- What the task requires -
Among the entries below, one line contains "Исторические монастыри Сумела" and another contains "Church Guesthouse Cardiff Extérieur photo". Transcribe those two lines and every line between them, exactly.

- Records for the task -

>>>

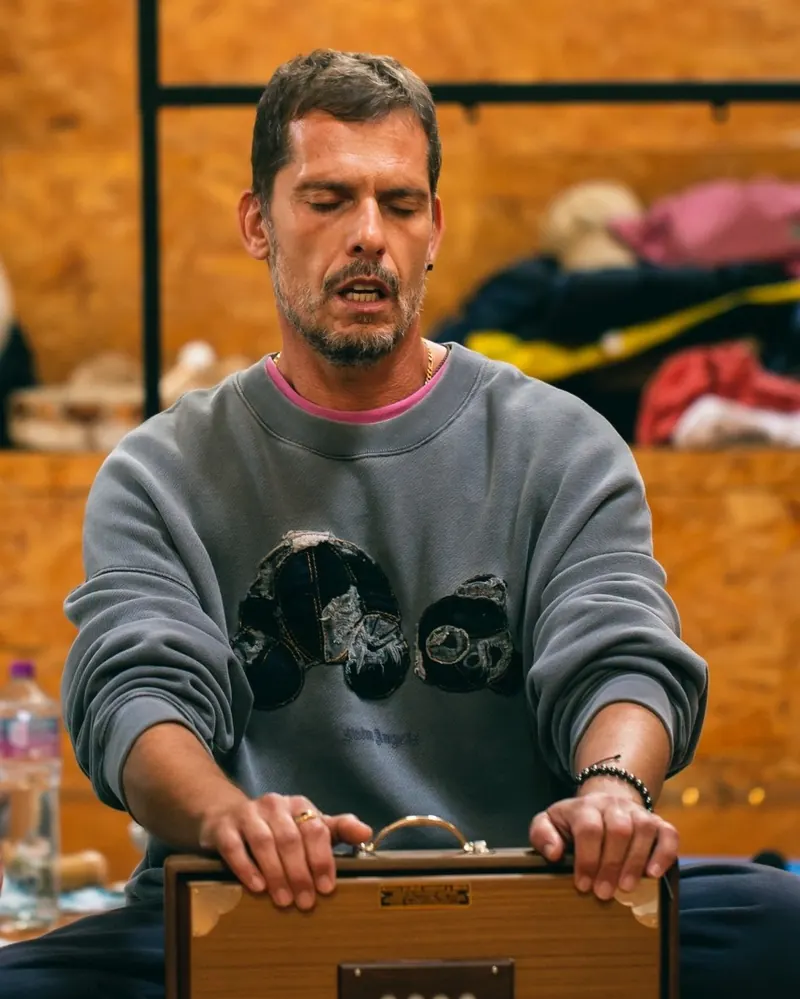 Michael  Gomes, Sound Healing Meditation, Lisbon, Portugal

<<<
>>>

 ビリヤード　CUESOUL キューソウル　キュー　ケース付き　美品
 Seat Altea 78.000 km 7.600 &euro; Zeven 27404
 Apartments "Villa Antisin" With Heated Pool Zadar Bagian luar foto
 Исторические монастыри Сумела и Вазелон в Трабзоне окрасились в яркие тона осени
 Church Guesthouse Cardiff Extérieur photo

<<<

- Solution below -
 Исторические монастыри Сумела и Вазелон в Трабзоне окрасились в яркие тона осени
 Church Guesthouse Cardiff Extérieur photo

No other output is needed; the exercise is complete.